19

As anyone who has been bitten by using base64 instead of base64url is quite well aware, the "original" base64 alphabet uses alphanumeric, +, = (both perfectly cromulent URL characters), and the dreaded /. I want to know how this came about, because it seems that using / in an encoding alphabet is extremely short-sighted.

I have been able to track the origin of this through:

We can however look to RFC821/RFC822, the famous Simple Mail Transfer Protocol (SMTP). There is no mention of base64 encoding, or any binary-to-text encoding for that matter. I'm not even sure the idea of attaching/sending binary data via email existed at the time, and it wasn't until 1992 that the first MIME email attachment was sent.

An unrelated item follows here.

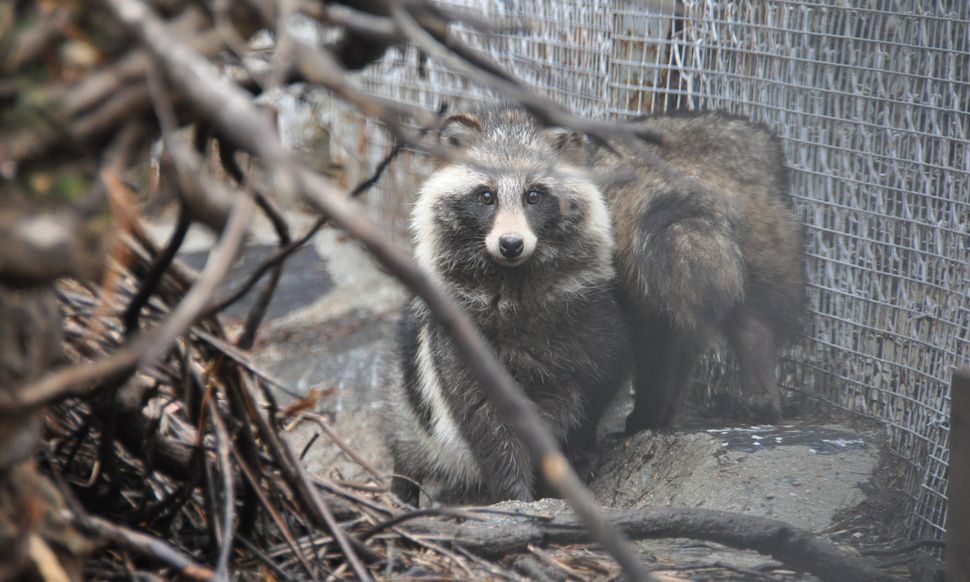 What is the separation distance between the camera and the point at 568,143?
4.64 metres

I estimate, given the 1993 RFC, that the decision of what would go into the base64 encoding occurred sometime in the mid-80s. Borne shell and awk would have been a thing. ASCII and EBCDIC would be fairly established. I'm guessing it would have happened after uuencode was invented in 1980 (which includes _), though it may have been made without knowledge of uuencode.

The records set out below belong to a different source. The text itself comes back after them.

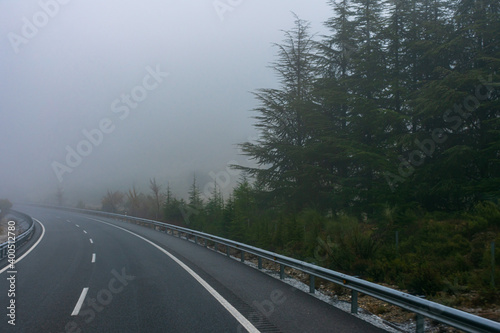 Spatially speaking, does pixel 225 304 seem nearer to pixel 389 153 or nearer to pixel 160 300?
pixel 160 300

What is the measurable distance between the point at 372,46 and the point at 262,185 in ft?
40.1

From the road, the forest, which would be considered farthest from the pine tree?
the road

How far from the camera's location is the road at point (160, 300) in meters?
7.04

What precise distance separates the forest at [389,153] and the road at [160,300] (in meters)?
3.13

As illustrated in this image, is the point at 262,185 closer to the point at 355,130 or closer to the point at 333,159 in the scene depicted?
the point at 333,159

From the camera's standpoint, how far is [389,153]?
22.2m

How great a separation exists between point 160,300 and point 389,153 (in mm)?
16871

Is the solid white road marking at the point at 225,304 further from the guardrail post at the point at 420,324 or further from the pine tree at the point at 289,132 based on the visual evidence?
the pine tree at the point at 289,132

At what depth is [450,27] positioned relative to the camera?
2248 centimetres

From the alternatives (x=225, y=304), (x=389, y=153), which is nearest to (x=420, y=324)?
(x=225, y=304)

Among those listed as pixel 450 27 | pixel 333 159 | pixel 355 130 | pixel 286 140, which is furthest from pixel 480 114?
pixel 286 140

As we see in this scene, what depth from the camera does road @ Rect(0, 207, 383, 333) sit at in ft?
23.1

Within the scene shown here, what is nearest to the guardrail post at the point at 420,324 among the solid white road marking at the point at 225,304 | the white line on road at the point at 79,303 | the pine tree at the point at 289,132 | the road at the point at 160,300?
the road at the point at 160,300

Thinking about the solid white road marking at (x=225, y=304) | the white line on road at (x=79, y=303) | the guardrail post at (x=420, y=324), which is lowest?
the white line on road at (x=79, y=303) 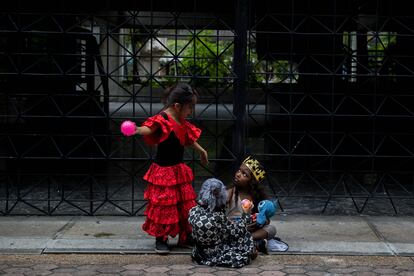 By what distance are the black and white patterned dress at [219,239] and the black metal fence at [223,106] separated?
6.77 feet

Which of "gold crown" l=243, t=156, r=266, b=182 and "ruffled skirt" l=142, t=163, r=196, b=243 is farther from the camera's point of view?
"gold crown" l=243, t=156, r=266, b=182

Regardless, all the folks working on this sort early tech of were surely familiar with UNIX to some degree, and the convention of using / for path separation. Further, the use of the / symbol as a separator of the form "something / something_else" goes way back, probably to the 18th century at least. I'm guessing this usage is probably what subconsciously influence the choice of / as the UNIX path separator. Surely, one might consider the idea of base64blob1/base64blob2. All this put together makes / a really strange choice for the fledgling base64 encoding alphabet, even in a pre-URL age, especially since better alternatives like - and _ are right there. Heck, even ,.@!$&% are all better candidates than / in my book. / is literally the only character besides \0 disallowed in UNIX filenames.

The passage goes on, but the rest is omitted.